The silence spread like a wave down the corridor.

"That's him—"

"—youngest finalist—"

"—silver medal—"

"I heard he used Dark magic—"

"—interviewed in the Prophet—"

The whispers followed him as he made his way toward Ravenclaw Tower. Students stopped walking to stare. Second years gaped openly. Older students muttered to each other, some admiring, others hostile.

Rowan kept his expression neutral and his pace steady. He'd expected this. Had prepared for it. Knowing something intellectually and experiencing it directly were different things, though.

By the time he reached Ravenclaw Tower, answered the bronze knocker's riddle, and stepped into the common room, his shoulders were tight with tension.

The Ravenclaw common room was already filling with returning students. Conversations stopped when he entered. All eyes turned toward him.

Iris broke the silence, crossing the room quickly to pull him into a hug. "You're back. Finally. I've been going mad waiting."

The gesture broke the tension. Other students returned to their conversations, though Rowan caught many still glancing his way.

"How was France?" Iris asked quietly, steering him toward the fireplace and away from the crowd.

"It was educational, but exhausting. The Flamels are..." He searched for words. "Extraordinary. They taught me more in two months than I could have learned in two years anywhere else."

"The letters slowed down after you left Britain?"

"Eventually. The wards I set up before leaving helped. Anything genuinely important got through, the rest went to a holding area. I still received about twenty letters a day, though." He shook his head. "The Flamels said they dealt with the same thing centuries ago. At least I had a system in place."

"The Prophet ran three more articles about you over the summer," Iris said. "Two were neutral. One was..." She grimaced. "Less charitable."
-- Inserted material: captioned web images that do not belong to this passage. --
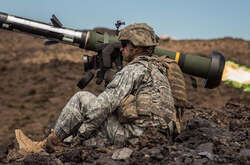 Від початку повномасштабної війни проти Росії спрямована допомога на мільярди доларів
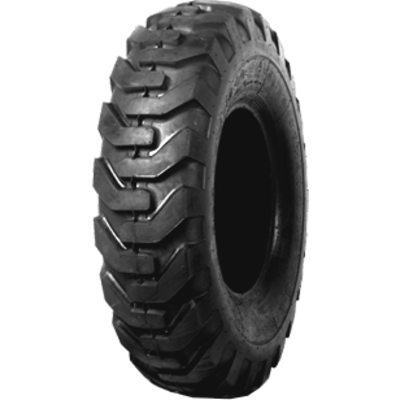 Triangle TL508 earthmover tyre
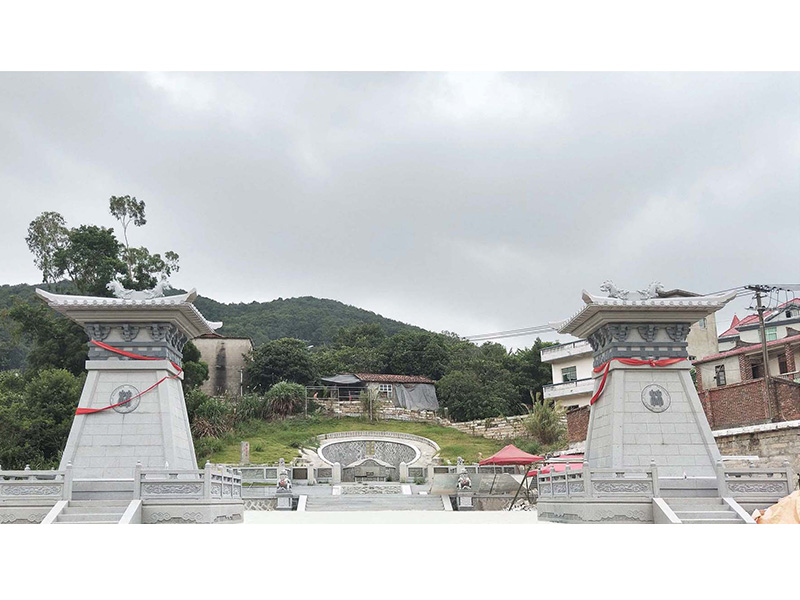 闕樓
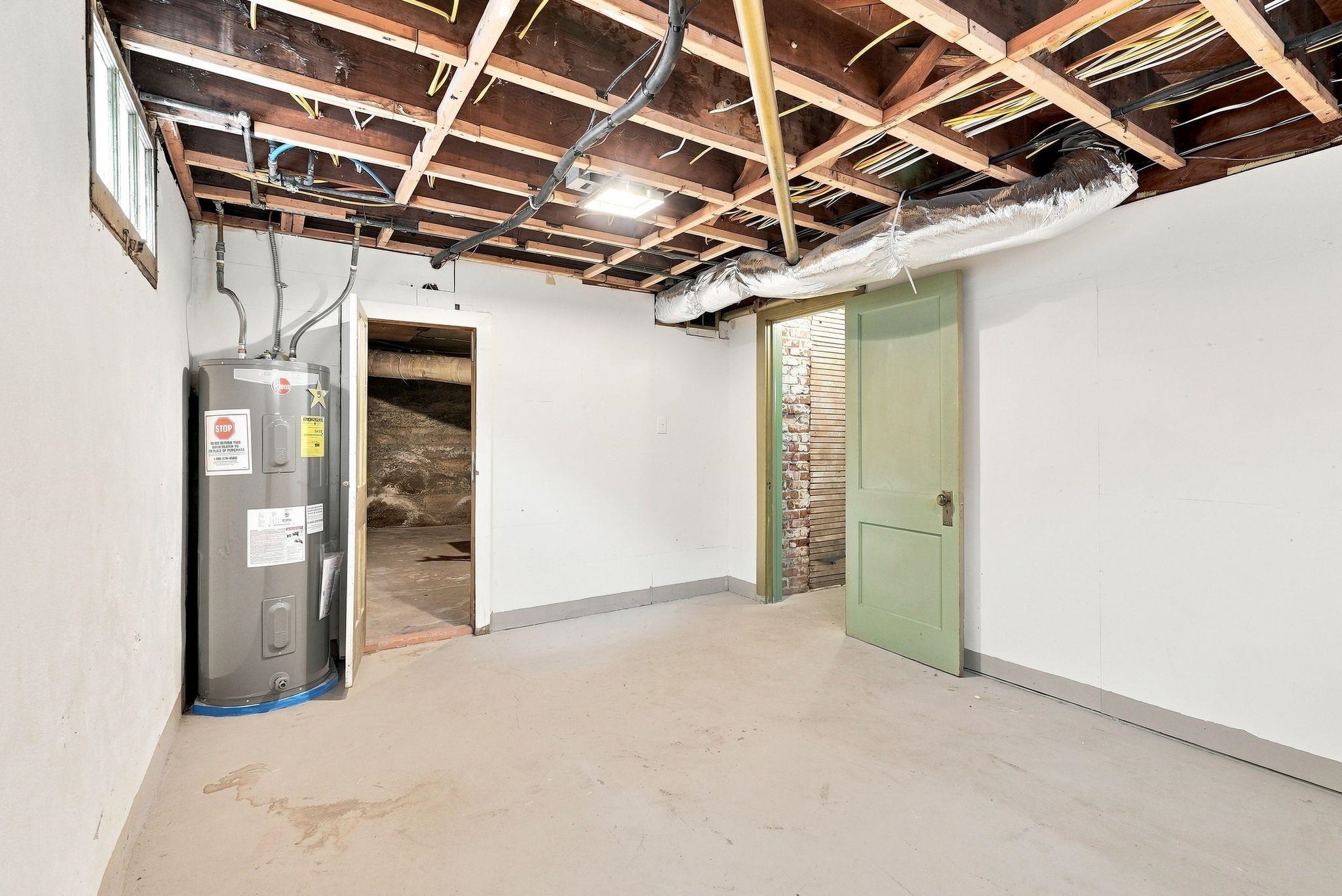 632 W 20th Ave - Photo 30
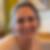 Profilbild von Martina Tesmer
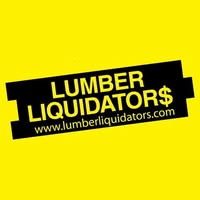 Lumber Liquidators Emails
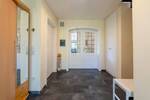 Doppelhaushälfte Selm - 4 Zimmer, 152 m&sup2;, 479.000&euro; | Angebot:26642155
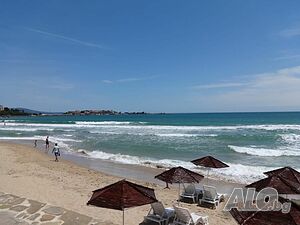 image_8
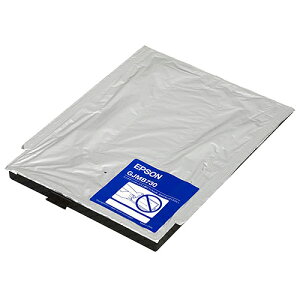 y񂹕iz Gv\@eiX{bNX@GJMB730@1 yz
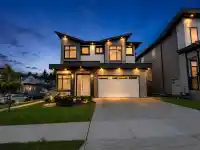 7532 205 STREET - thumbnail 1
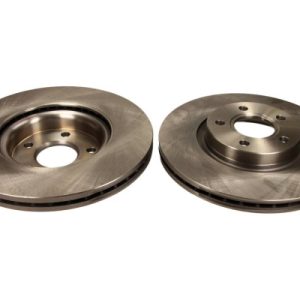 Disc frana VOLVO C30 (533) 2.0 benzina 145 cai MAXGEAR 19-1267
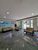Sala-Conjunto, 36 m² - Foto 7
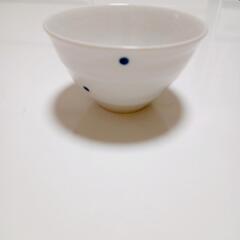 〈中古〉お茶碗 5点セットの画像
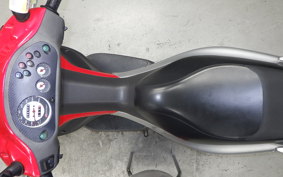 GILERA RUNNER FXR180 1977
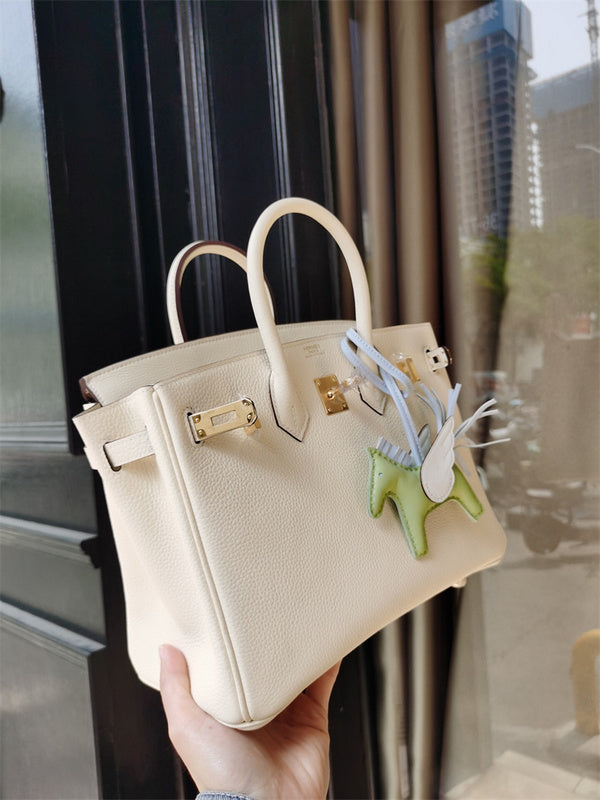 Glami - HMS Bags - 1103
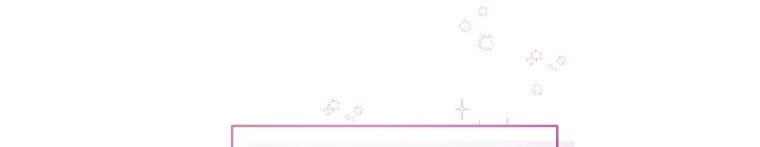 đọc truyện Quái Thú Bị Thuần Hóa Bởi Ác Nữ Chương 12 ảnh 292 tại Thiên Thai Truyện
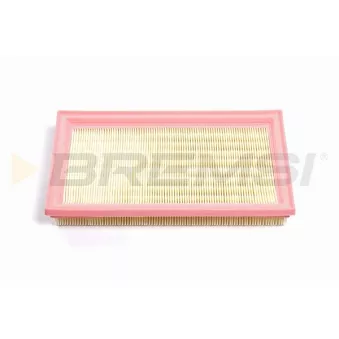 Filtre à air BREMSI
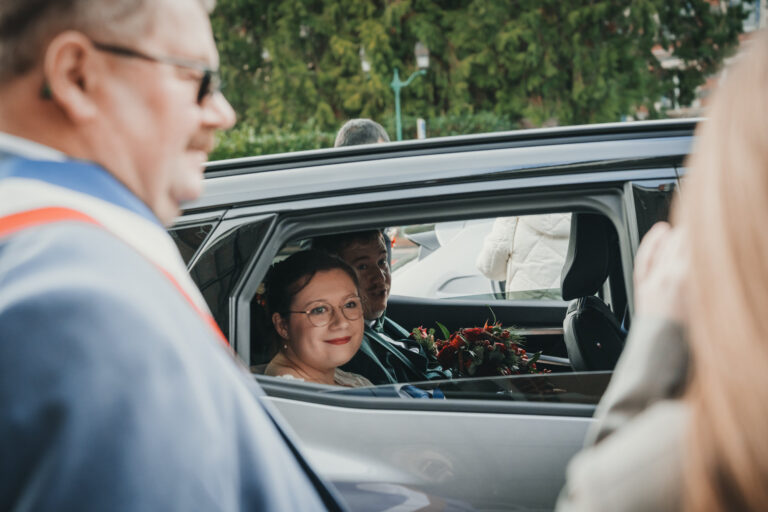 Audrey&Guillaume-par Alain Leprévost photographe vidéaste-381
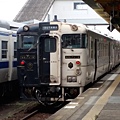 20160608_125028.jpg
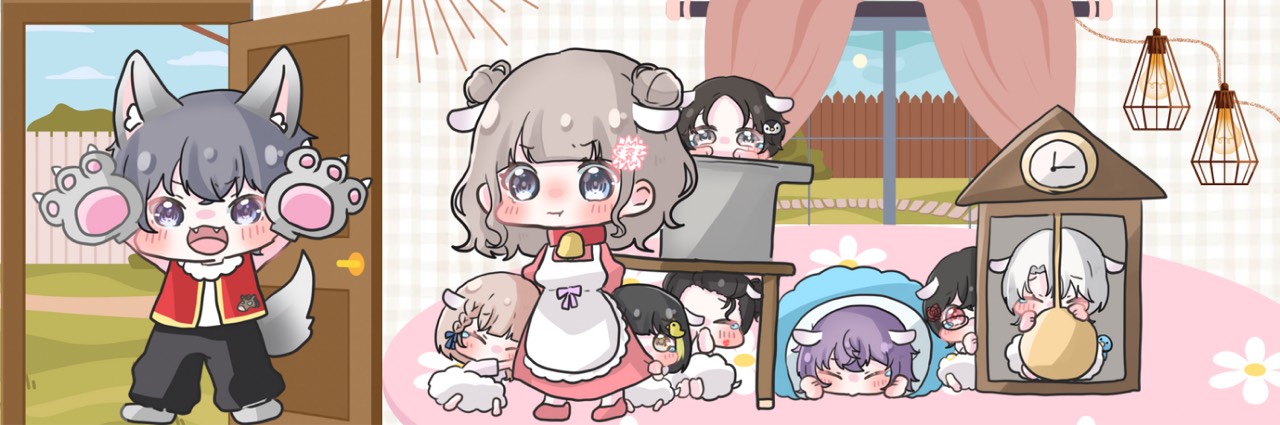 ꌩⁱ𓈒𓏸 ゆいまる ꒰ ゆるなぴてぃ꒱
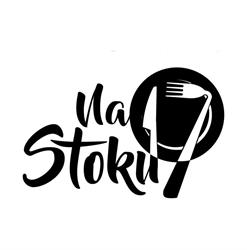 NA STOKU 17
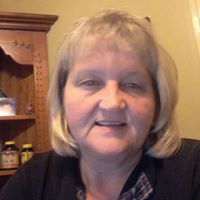 Denice Kennedy Photo 2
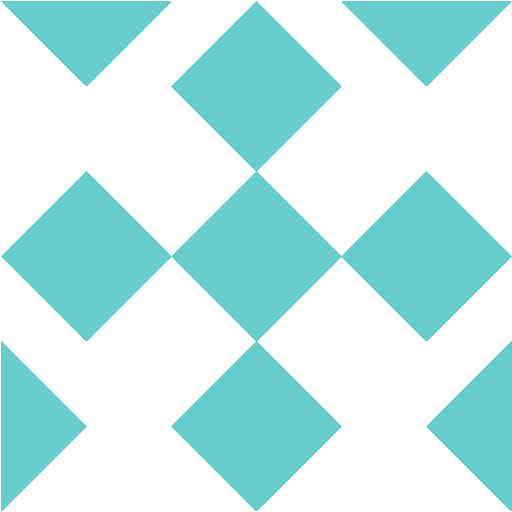 house-door-lock-service6891/house-lock-and-key7074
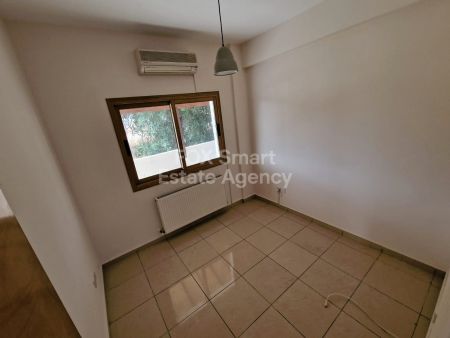 בית פרטי למכירה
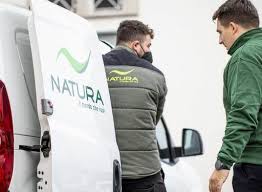 La pavese LabAnalysis Environmental Science (gruppo LabAnalysis) acquisisce la napoletana Natura (servizi ambientali) dalla famiglia Ferone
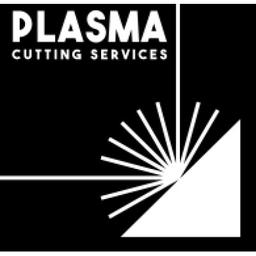 Plasma Cutting Services LLC Logo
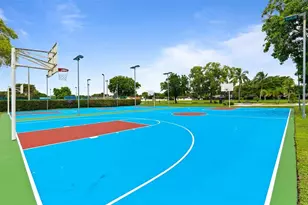 13278 SW 114th Terrace, Miami, FL 33186 - Photo 27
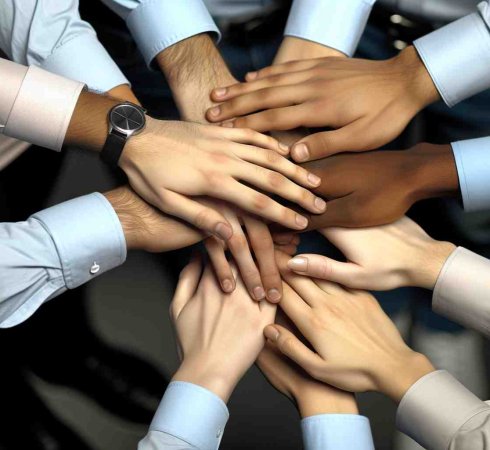 Почему благотворительность важна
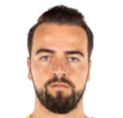 https://img.833zhiboo.com.cn/img/basketball/player/0f4d502d6dea5fe5c3add593eaf98cd3.png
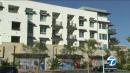 Gov. Gavin Newsom suing Huntington Beach over lack of low-income housing
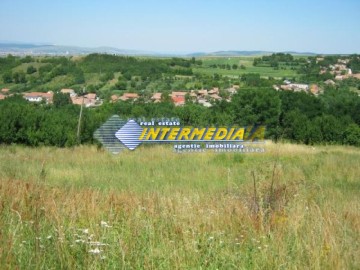 teren-de-vanzare-alba-3000-mp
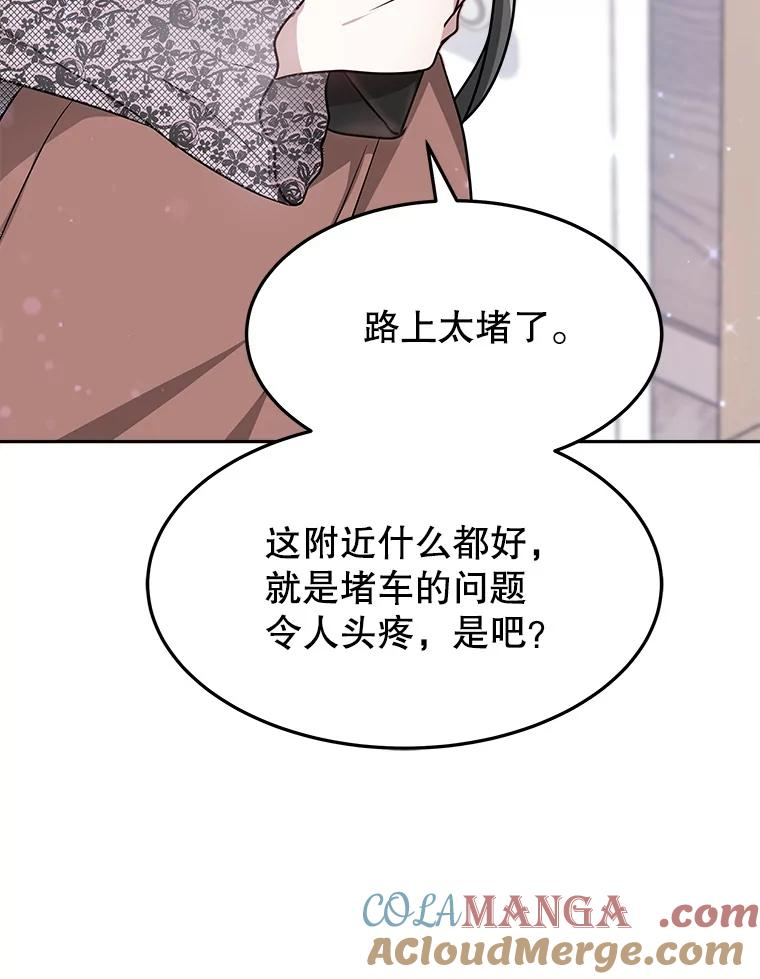 第312页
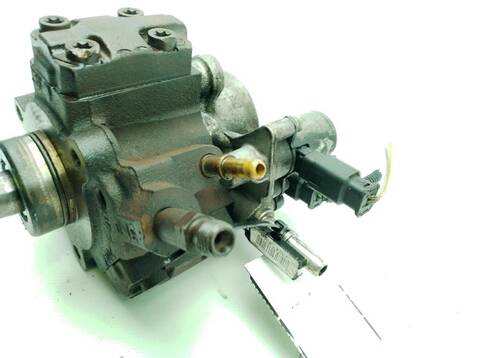 Foto 2ª: Bomba Inyeccion Ford Ranger 2.2 TDCI 4X4 150CV [ENQJ] (2011)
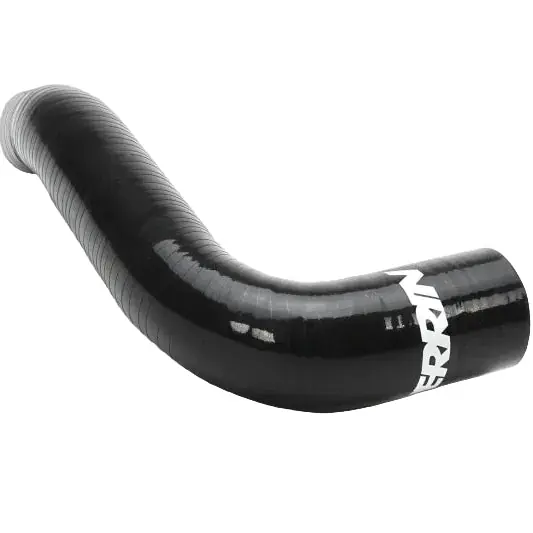 PERRIN 22-25 Subaru WRX / 19- 25 Ascent / 20-25 Outback & Legacy Turbo PCV Hose - Black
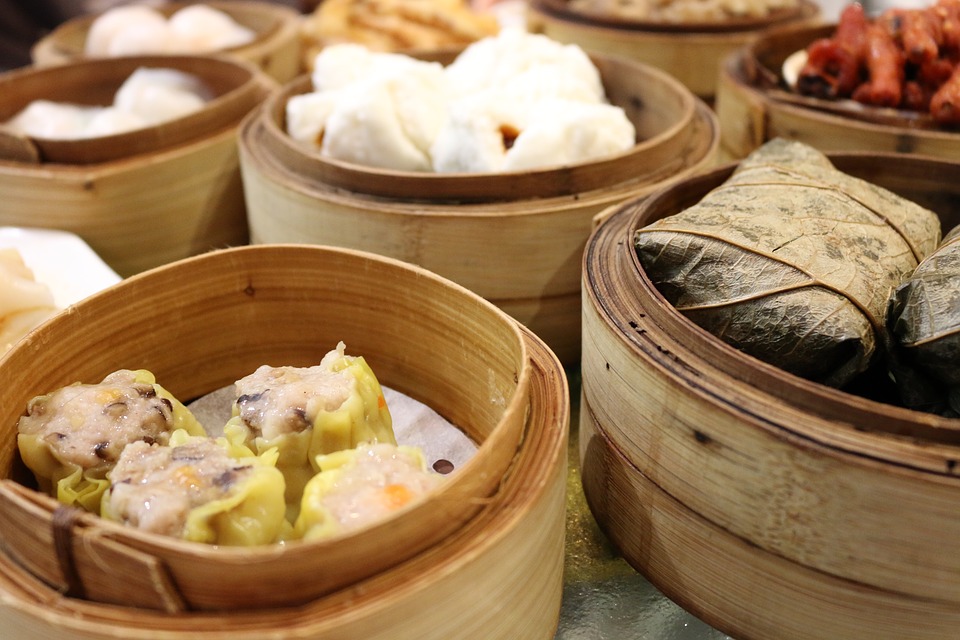 dim-sum-2346105_960_720.jpg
"I saw that one. Nicholas showed me." The hostile article had accused him of arrogance, of disrespecting wizarding traditions, of being a dangerous influence on young Muggleborns who might think they could rise above their station. It had stung more than Rowan wanted to admit.

They talked until it was nearly time for the feast. Other Ravenclaws approached throughout the hour. Some to congratulate him, others simply curious, a few openly skeptical. Rowan answered questions patiently, kept his responses brief, and tried not to let exhaustion show.

"I should unpack quickly before the feast," he finally said to Iris.

"I'll save you a seat at dinner."

Rowan carried his trunk up to the second-year boys' dormitory. Empty. His roommates were still settling in elsewhere or talking in the common room.

He opened his trunk and found a note tucked between his new books. Perenelle's handwriting, precise as always:

Rowan,

Transformation takes time. Patience. Willingness to fail repeatedly before success. True for transmuting metals, creating innovations, and changing society.

You have knowledge, skills, and vision. Now you need patience and wisdom to use them sustainably.

We're proud of you—for who you're becoming, rather than what you've achieved.

P & N

Rowan read it twice, then filed it in the front of his journal where he'd see it regularly. The summer had given him more than alchemical knowledge. It had given him perspective on the long work ahead, mentors who understood what he was attempting, and the reminder that even world-changers needed to remember they were human.

He quickly organized his belongings. New alchemical texts on the shelf, clothes in the wardrobe, supplies in his trunk. When he descended back to the common room, Hector Fawley caught his eye.

"Ashcroft! We saw you come in earlier but you disappeared. How was France?"

"Worth every minute," Rowan replied.

When the time came to head to the Great Hall, Rowan descended the stairs with the rest of Ravenclaw House, Iris at his side.

The entrance to the Great Hall loomed ahead. Through the open doors, he could see students already seated at the four house tables, the ceiling enchanted to show the clear September evening sky.

"Ready?" Iris asked quietly.

"No choice but to be."

They stepped through the doors.

The effect was immediate and absolute.

Conversation died. A wave of silence spread through the Great Hall like ripples on water, starting from the entrance and expanding outward until hundreds of students sat in complete quiet, all staring at him.

Rowan felt the weight of every eye in the room. The pressure of it was almost physical. Hundreds of faces turned toward him, expressions ranging from awe to resentment to naked curiosity.

Someone whispered. The sound carried in the silence.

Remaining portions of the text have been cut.